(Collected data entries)
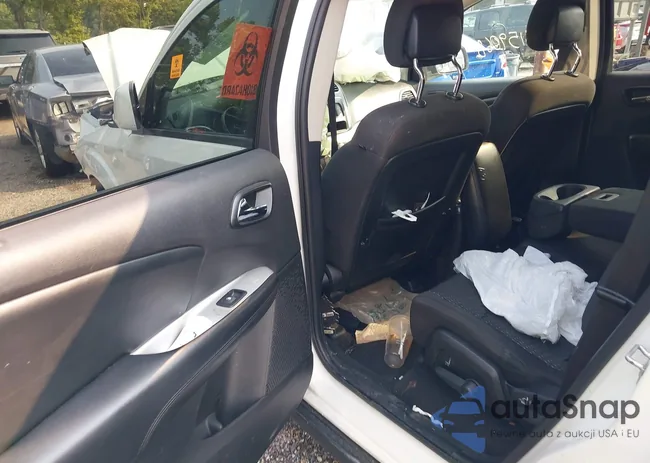 3C4PDCBG8HT511551: 43159068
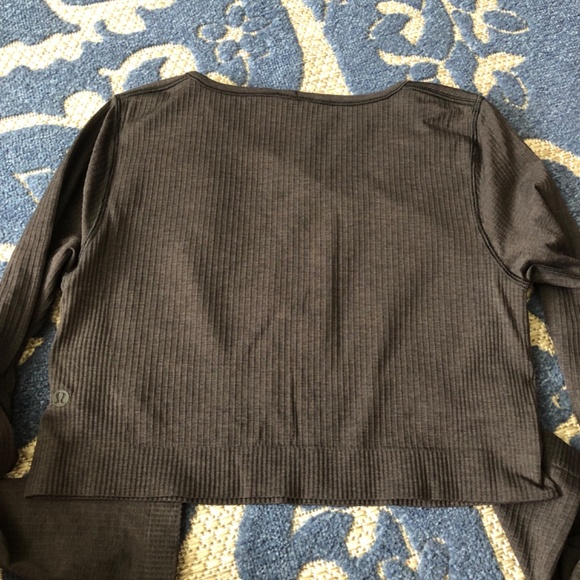 Lululemon ribbed long sleeve crop top - Picture 5 of 7
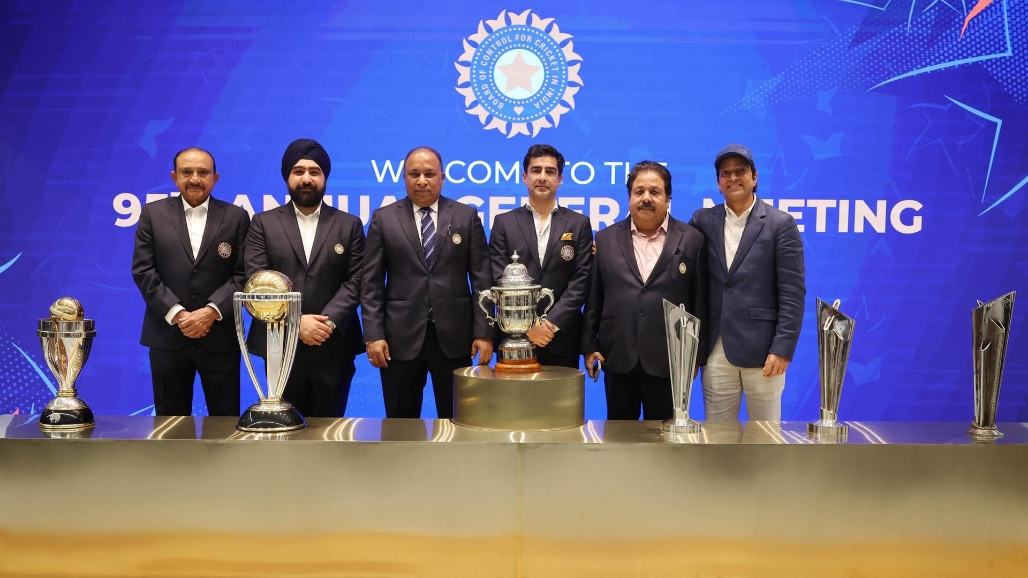 BCCI દર વર્ષે કેટલો ટેક્સ ચૂકવે છે? સુપ્રીમ કોર્ટમાં થયો ખુલાસો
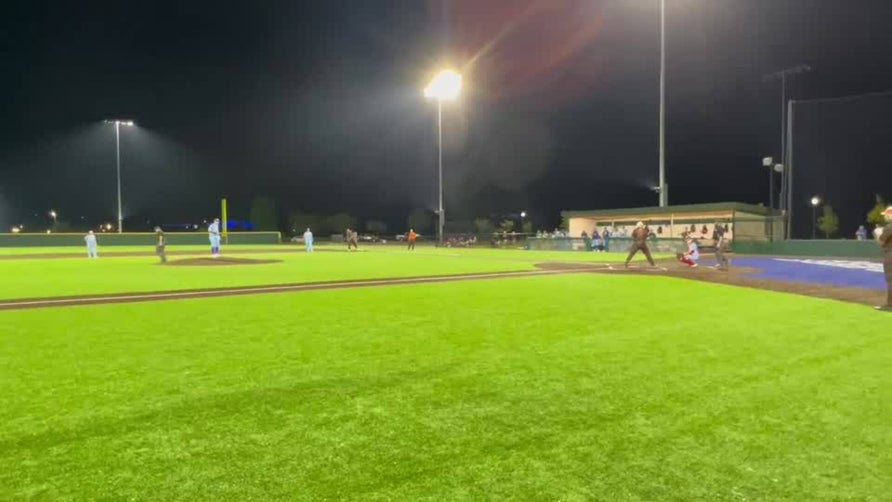 Kendall Bell walks off the game in the bottom of the 7th to win 7-6 at Iowa Western Community College to win and split the series against their cross-town Rivals in the "Dead President's Game"
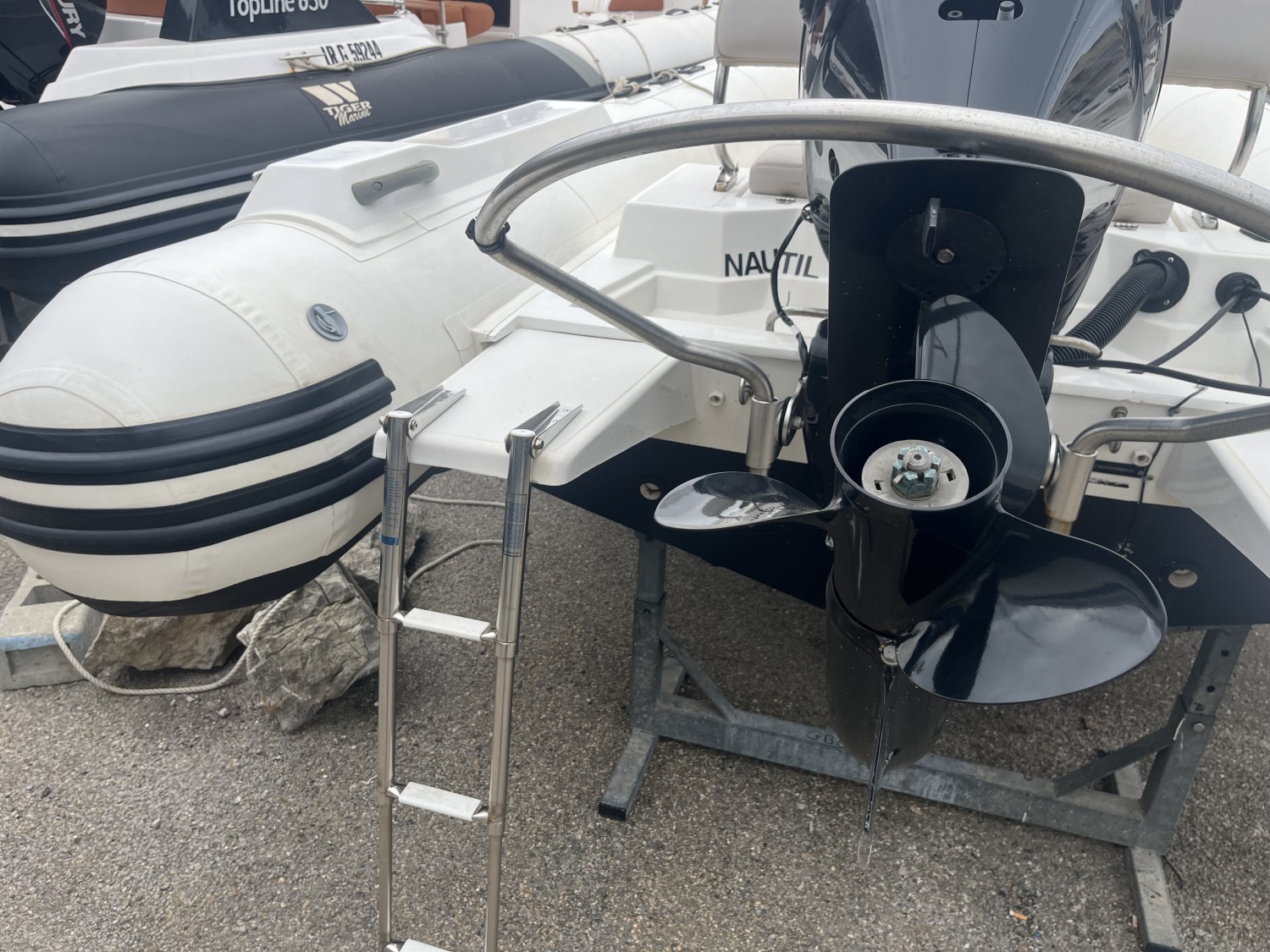 slider 7 Tiger Marine Tiger 650 Open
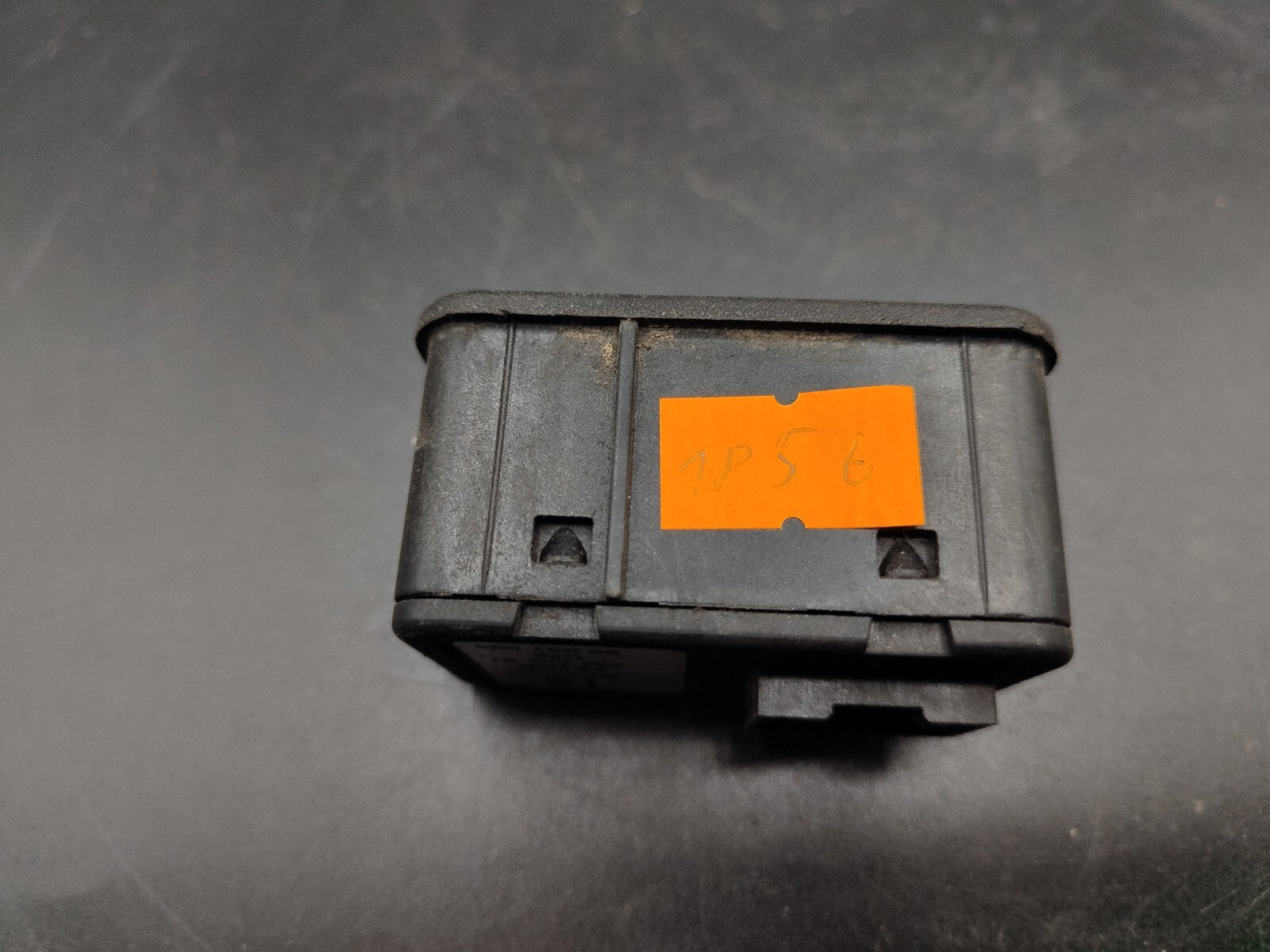 Opel Astra G 2001 Front Left Side Electric Window Switch 90561086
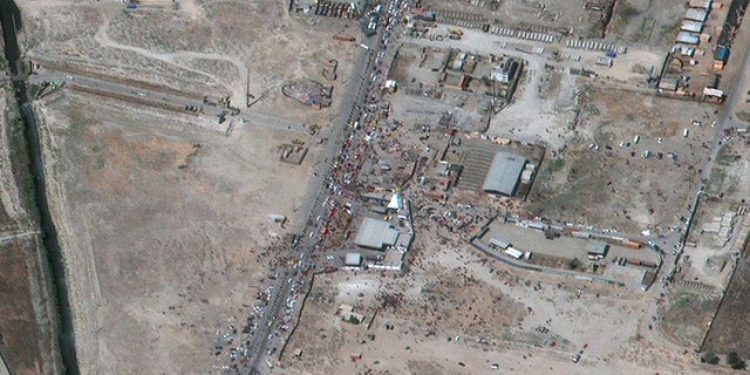 Kabil’de havalimanına yönelik saldırı füzesavarlarla önlendi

_ASSIGNED TASK_
Transcribe the records above exactly as they appear, leaving out any pictures.

_RESULT_
 3C4PDCBG8HT511551: 43159068
 Lululemon ribbed long sleeve crop top - Picture 5 of 7
 BCCI દર વર્ષે કેટલો ટેક્સ ચૂકવે છે? સુપ્રીમ કોર્ટમાં થયો ખુલાસો
 Kendall Bell walks off the game in the bottom of the 7th to win 7-6 at Iowa Western Community College to win and split the series against their cross-town Rivals in the "Dead President's Game"
 slider 7 Tiger Marine Tiger 650 Open
 Opel Astra G 2001 Front Left Side Electric Window Switch 90561086
 Kabil’de havalimanına yönelik saldırı füzesavarlarla önlendi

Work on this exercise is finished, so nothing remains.